On 2015/05/23 01:06:49, jbudorick wrote:
>   last_devices = dict(
>       (k, 0 if k in adb_online_devices else last_devices[k] + 1)
>       for k, v in last_devices.iteritems())
> 
> ?

Yeah that was a bit clumsy.  Went with a more verbose version of this
suggestion.

https://codereview.chromium.org/1148873007/diff/1/build/android/buildbot/bb_d...
build/android/buildbot/bb_device_status_check.py:151: missing_devices = { k: v
for k, v in last_devices.iteeritems() if v != 0 }
On 2015/05/23 01:06:48, jbudorick wrote:
> - iteeritems -> iteritems
> - if not v
> - nit: no spaces at the ends of comprehensions

Done, except for "not v" -- mixing up numberness and truthiness here is too
conceptually punny for me

https://codereview.chromium.org/1148873007/diff/1/build/android/buildbot/bb_d...
build/android/buildbot/bb_device_status_check.py:180: quite_missing = [ k for k,
v in last_devices.iteritems() if v == 3 ]
On 2015/05/23 01:06:49, jbudorick wrote:
> if v > 2
> 
> ?

Done.

https://codereview.chromium.org/1148873007/diff/1/build/android/pylib/device/...
File build/android/pylib/device/device_list.py (right):

https://codereview.chromium.org/1148873007/diff/1/build/android/pylib/device/...
build/android/pylib/device/device_list.py:13: def
GetOfflineDeviceMap(file_name):
On 2015/05/23 01:06:49, jbudorick wrote:
> This is poorly named; it sounds like the map contains offline devices when the
> map can contain online or offline devices.

Done.

https://codereview.chromium.org/1148873007/diff/1/build/android/pylib/perf/se...
File build/android/pylib/perf/setup.py (left):

https://codereview.chromium.org/1148873007/diff/1/build/android/pylib/perf/se...
build/android/pylib/perf/setup.py:28: devices =
android_commands.GetAttachedDevices()
On 2015/05/23 01:06:49, jbudorick wrote:
> How is this still around...

Looks like I forgot to sync before starting work on this :-(

https://codereview.chromium.org/1148873007/diff/1/build/android/pylib/perf/se...
File build/android/pylib/perf/setup.py (right):

https://codereview.chromium.org/1148873007/diff/1/build/android/pylib/perf/se...
build/android/pylib/perf/setup.py:50: This is a way to make sure that affinity
-> device mapping is relatively
On 2015/05/23 01:06:49, jbudorick wrote:
> nit: line break after the first line of the docstring
> 
> also, this should include Args: and Returns:

Done.

https://codereview.chromium.org/1148873007/diff/1/build/android/pylib/perf/se...
build/android/pylib/perf/setup.py:51: stable while still maximizing the use of
resources."""
On 2015/05/23 01:06:49, jbudorick wrote:
> I'm not sure this is stable if you lose one of the lexicographically early
> devices. That's why the persistent device list exists.
> 
> Also, this docstring should better explain what's going on.

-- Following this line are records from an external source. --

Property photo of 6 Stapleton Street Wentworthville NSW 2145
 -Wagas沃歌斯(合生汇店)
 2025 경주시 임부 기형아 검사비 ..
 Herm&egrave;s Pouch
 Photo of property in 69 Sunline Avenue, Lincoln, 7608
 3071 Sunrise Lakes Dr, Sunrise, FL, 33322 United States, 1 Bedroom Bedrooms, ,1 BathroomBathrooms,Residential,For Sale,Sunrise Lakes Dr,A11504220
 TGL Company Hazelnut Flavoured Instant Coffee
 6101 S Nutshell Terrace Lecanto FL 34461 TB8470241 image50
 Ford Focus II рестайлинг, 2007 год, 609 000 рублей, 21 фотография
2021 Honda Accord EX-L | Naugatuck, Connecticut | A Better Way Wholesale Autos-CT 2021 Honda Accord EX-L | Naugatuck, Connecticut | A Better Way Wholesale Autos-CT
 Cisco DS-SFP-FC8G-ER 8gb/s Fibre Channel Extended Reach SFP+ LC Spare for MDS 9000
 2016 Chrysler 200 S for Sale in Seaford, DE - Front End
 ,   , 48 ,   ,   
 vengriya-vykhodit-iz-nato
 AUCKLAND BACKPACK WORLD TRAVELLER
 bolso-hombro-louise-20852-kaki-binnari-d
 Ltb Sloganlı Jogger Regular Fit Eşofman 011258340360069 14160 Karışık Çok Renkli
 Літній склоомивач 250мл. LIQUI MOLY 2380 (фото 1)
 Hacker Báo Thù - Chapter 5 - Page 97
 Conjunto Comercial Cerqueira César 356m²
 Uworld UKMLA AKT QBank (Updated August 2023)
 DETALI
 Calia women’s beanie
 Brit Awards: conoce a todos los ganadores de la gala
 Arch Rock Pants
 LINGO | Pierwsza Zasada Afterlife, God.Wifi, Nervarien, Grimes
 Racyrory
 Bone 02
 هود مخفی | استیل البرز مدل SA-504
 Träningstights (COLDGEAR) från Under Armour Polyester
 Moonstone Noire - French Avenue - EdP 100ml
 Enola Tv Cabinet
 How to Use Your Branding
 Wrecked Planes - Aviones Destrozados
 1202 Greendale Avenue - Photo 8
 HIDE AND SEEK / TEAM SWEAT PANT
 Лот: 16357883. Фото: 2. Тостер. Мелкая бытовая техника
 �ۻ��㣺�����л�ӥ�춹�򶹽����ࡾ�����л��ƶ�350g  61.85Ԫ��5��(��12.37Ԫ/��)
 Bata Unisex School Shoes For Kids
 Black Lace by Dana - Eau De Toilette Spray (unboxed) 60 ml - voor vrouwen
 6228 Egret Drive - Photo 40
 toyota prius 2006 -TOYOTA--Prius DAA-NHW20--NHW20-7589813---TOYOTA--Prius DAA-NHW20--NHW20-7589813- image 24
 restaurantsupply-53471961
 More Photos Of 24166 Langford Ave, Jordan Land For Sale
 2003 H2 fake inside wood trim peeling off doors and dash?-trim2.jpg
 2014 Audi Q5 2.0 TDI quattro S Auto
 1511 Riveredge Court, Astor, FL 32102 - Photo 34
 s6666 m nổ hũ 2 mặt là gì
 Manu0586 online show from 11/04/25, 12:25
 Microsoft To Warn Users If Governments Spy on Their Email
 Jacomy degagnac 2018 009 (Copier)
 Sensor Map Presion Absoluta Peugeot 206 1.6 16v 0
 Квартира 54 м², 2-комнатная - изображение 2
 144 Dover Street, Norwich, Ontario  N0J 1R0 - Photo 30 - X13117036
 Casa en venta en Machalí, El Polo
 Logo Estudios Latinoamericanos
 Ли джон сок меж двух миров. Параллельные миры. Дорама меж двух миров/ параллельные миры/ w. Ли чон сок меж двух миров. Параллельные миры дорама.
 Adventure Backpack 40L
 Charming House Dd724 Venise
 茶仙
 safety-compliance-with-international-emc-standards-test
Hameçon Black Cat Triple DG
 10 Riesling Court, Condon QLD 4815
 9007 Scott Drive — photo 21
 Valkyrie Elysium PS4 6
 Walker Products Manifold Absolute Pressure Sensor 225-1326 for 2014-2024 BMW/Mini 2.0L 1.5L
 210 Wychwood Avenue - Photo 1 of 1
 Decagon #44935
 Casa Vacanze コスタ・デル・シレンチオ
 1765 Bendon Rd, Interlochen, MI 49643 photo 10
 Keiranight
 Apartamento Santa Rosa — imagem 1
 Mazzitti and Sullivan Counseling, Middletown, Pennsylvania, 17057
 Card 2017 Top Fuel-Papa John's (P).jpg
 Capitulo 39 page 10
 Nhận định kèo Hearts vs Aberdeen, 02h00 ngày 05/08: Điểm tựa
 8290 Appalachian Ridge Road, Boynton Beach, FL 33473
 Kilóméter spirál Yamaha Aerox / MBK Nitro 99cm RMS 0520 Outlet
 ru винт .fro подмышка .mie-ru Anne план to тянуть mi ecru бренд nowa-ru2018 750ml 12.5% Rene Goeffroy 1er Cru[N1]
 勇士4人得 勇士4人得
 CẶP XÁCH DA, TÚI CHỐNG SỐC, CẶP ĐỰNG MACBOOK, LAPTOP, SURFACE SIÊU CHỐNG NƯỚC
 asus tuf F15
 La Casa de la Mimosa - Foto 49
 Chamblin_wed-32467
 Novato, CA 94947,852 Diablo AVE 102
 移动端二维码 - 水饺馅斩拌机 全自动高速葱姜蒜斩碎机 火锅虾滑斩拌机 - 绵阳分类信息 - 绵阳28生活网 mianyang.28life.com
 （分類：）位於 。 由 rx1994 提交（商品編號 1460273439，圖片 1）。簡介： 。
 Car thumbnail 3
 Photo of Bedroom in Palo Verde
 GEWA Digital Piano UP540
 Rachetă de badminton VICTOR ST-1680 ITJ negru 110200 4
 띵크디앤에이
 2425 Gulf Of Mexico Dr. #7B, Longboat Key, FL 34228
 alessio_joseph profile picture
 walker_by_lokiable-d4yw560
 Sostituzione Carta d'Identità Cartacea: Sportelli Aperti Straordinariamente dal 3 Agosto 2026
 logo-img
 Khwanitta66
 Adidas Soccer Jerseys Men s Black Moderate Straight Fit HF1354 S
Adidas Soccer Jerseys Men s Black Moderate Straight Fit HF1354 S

IIUC the persistent device list basically messes up everything if a new device
is added.

You gave me an excuse to do some math, so I added a bunch of docs explaining the
scheme and analyzing its stability.

https://codereview.chromium.org/1148873007/diff/1/build/android/pylib/perf/se...
build/android/pylib/perf/setup.py:100: all_devices =
android_commands.GetAttachedDevices()
On 2015/05/23 01:06:49, jbudorick wrote:
> device_utils.DeviceUtils.HealthyDevices()
> 
> if you want serials,
> 
>   [d.adb.GetDeviceSerial()
>    for d in device_utils.DeviceUtils.HealthyDevices()]
> 
> android_commands is deprecated.
> 
> also, you will absolutely want to sort this.

Done.

https://codereview.chromium.org/1148873007/diff/1/build/android/pylib/perf/te...
File build/android/pylib/perf/test_runner.py (right):

https://codereview.chromium.org/1148873007/diff/1/build/android/pylib/perf/te...
build/android/pylib/perf/test_runner.py:68: NUM_DEVICE_AFFINITIES = 8
On 2015/05/23 01:06:49, jbudorick wrote:
> What if the number of devices is higher than 8? I think the speed team has
> designs on something like that...

As far as I could tell there are no specs of device_affinity greater than 8. 
Maybe you could help me look harder (not sure where else to look)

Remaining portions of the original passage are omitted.